株式会社サイルビジネス学院 代表取締役 https://sairu.school/

略歴

1993年生まれ。東京都の公立中学校卒業。早稲田実業学校高等部を首席卒業。米国留学後、早稲田大学政治経済学部を卒業。やりたいことではなく偏差値で進路を選び後悔した経験から、大学在学中に受験相談サービスを立ち上げ。中高生からの相談数は7万件以上。新卒で教育系上場企業に入社。マーケティング部門立ち上げを担当。2020年、コンサルティング会社の才流に入社。新規事業開発を担当。
2022年、同社の子会社として株式会社サイルビジネス学院を設立し、代表取締役に就任。ゼロから起業を学びながら高校卒業できる通信制オンラインスクール「サイル学院高等部」を創立。一人ひとりが自分にあった進路を選べる社会を目指して、学院長として学校経営に従事。著書「マンガと図解でわかる!13歳からの進路相談」(すばる舎)。1児の父。

現在の仕事についた経緯

私は2022年4月、一人ひとりが自分にあった進路を選べる社会を目指して「サイル学院高等部」を創立しました。創立の背景には、自分のやりたいことではなく、偏差値で進路を選び後悔した経験があります。
小学生のとき「何で勉強しなくちゃいけないんだろう」と思っていました。中学生になると幸いにも自分なりの勉強方法が見つかって成績は上がった。でも、楽しいと思ったことはなかった。大学進学後、これまでの時間を振り返ってみると、学校のテスト勉強に使っていた時間は長いのに、正直内容は覚えていない。一方、自分が学びたいと思って学んだことは今でも覚えている。

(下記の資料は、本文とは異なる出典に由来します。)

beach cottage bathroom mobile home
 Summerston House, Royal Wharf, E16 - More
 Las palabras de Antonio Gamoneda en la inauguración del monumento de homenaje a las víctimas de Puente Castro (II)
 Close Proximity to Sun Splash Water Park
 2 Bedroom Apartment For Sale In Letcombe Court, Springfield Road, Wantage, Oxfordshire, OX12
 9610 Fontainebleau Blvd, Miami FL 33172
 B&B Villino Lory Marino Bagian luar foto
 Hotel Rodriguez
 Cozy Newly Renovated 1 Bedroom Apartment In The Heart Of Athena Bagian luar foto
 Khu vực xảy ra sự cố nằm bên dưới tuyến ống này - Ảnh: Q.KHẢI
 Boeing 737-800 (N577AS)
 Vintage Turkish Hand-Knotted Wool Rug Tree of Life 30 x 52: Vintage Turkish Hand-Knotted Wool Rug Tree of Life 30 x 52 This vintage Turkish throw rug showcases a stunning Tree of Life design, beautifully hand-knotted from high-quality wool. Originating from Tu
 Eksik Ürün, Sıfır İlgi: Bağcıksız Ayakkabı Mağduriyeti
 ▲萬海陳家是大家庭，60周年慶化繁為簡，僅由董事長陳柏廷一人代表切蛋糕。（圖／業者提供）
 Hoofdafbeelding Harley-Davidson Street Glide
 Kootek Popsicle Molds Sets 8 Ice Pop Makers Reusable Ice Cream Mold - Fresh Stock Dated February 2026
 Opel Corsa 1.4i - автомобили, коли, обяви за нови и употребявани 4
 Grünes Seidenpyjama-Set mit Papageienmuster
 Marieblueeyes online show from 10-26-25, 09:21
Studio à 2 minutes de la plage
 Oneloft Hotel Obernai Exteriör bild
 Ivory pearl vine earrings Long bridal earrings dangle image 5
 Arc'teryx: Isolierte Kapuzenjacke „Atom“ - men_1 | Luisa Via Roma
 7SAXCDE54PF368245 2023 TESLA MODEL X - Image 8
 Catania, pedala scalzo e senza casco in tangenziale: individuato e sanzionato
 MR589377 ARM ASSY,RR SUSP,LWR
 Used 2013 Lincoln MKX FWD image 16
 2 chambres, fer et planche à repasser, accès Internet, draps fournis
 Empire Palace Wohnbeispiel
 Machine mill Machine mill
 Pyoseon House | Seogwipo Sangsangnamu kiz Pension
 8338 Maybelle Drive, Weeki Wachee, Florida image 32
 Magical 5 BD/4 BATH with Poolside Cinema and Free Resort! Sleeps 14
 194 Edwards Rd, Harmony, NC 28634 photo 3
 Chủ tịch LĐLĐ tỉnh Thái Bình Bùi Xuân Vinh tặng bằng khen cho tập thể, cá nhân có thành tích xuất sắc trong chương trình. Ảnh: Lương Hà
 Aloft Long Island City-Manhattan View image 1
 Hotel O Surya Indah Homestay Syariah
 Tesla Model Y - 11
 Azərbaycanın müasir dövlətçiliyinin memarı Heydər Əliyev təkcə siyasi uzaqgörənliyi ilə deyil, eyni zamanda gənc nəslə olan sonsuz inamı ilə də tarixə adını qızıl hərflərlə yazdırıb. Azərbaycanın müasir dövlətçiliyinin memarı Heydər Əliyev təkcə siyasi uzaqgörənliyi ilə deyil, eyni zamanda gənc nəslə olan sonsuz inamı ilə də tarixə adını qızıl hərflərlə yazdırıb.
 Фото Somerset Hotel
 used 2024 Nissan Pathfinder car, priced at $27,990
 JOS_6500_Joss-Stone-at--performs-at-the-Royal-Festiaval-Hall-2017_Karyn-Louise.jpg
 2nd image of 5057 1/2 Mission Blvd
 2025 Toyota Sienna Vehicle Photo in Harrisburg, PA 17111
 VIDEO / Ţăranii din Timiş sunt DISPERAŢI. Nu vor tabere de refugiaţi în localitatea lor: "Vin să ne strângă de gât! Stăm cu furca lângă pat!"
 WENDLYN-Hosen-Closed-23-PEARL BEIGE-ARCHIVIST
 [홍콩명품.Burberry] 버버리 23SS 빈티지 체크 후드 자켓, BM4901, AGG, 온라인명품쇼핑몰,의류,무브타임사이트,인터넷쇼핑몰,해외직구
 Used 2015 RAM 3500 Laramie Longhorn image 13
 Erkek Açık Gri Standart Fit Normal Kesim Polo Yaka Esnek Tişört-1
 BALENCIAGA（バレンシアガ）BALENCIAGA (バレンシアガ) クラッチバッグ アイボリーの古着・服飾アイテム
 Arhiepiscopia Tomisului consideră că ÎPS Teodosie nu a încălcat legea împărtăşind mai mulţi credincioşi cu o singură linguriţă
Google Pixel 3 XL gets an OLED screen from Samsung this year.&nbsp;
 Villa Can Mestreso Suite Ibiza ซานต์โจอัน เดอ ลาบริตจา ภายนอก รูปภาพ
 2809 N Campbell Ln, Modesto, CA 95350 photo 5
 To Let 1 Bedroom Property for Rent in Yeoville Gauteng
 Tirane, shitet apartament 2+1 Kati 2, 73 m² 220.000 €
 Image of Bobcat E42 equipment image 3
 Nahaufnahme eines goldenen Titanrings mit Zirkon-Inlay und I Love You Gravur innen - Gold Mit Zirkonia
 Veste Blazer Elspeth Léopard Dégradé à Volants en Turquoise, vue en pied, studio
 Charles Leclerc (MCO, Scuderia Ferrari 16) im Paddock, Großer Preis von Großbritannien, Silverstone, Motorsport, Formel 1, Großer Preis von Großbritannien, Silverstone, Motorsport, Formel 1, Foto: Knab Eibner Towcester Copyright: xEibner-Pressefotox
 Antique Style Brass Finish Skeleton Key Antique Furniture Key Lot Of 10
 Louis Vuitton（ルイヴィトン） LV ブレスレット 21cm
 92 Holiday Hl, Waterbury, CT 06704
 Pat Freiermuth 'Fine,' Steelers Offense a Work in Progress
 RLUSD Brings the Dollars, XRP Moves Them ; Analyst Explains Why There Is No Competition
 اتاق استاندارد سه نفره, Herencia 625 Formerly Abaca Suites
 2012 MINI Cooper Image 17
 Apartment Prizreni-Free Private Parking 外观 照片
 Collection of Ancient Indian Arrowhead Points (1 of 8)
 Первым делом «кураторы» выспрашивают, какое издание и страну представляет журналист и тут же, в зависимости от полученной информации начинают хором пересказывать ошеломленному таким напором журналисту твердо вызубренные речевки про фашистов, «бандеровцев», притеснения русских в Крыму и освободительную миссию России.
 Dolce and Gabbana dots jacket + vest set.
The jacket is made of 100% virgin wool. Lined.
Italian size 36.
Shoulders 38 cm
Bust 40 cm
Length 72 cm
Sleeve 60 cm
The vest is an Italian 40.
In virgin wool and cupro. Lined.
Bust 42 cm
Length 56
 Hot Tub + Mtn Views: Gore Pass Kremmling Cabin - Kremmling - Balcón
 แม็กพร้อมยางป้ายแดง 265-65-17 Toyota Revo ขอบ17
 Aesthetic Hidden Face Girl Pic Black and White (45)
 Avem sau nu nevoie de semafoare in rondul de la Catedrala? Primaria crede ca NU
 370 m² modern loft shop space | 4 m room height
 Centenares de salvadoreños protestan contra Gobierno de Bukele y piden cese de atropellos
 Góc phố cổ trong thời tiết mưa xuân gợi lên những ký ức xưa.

好奇心から生まれる学びじゃないと、自分の中に残らない。せっかく学んだのに、自分の中に残らないのはもったいないと感じた経験が、本校を創立した理由の1つです。

仕事へのこだわり

相手と自分の解像度を高めることを心掛けています。相手に応えるだけでは御用聞きになる。自分を押し付けるだけでは、ただのわがままになる。相手と自分の重なりを見出すことで、いい仕事が生まれると考えているからです。そして解像度を高めるためには、深さ、広さ、構造、の3要素を知ることが必要です。
深さを知るためには、なぜ?を突き詰めることが必要です。例えば相手が「〇〇がほしい」と言ったことに対して、「それはなぜか?」を繰り返し問い、表層の言動ではなく深層の想いを理解することです。
広さを知るためには、異なる切り口を検討することが必要です。例えば相手が「(Aという状況で)〇〇がほしい」と言ったことに対して、「Aではなく、Bの状況ならほしいですか?」のように、特定の観点ではなく複数の観点で理解することです。
構造を知るためには、時間を意識することが必要です。例えば相手が「〇〇がほしい」と言ったことに対して、「いつからほしいと感じるのか?」「〇〇の前や後にほしいものは何か?」のように、物事を点ではなく線で理解することです。
自分自身の仕事を振り返っても、上手く行かなかったときは、解像度が低いまま仕事を進めたとき。深さ、広さ、構造、いずれかの把握が欠けていたときだと思います。特に、新人時代は自分の解像度ばかりを高めて、相手の解像度が低いことが原因で失敗した経験が多々あります。仕事は相手がいてこそ成立するもの。自分に対する解像度は仕事を重ねていくうちに勝手に高まる部分もあるので、今はまず、相手の解像度を高めることを心掛けています。

若者へのメッセージ

誰かに必要な学歴や資格は、あなたには必要ないかもしれません。ないよりあった方がいいことは、世の中にたくさんあります。ですが、あなたにとって必要かどうかは、進路やキャリアの選択において何を大切にしたいか、というあなた自身の進路選びの軸次第です。
進路選びの軸は、机上の勉強では見つかりません。とりあえず何かやってみる。挑戦する必要があります。
挑戦すれば、必ず失敗します。失敗は怖いです。ですが、私はある時から、失敗してもいいんだ、と思えるようになりました。考えが変わったきっかけは、「人生においては、打率よりも打数を上げることに価値がある」という考え方を知ったことです。要するに、4回打席に立って4本のヒットを打つより、100回打席に立って、80回アウトでも、20本のヒットを打つ方が価値があるということです。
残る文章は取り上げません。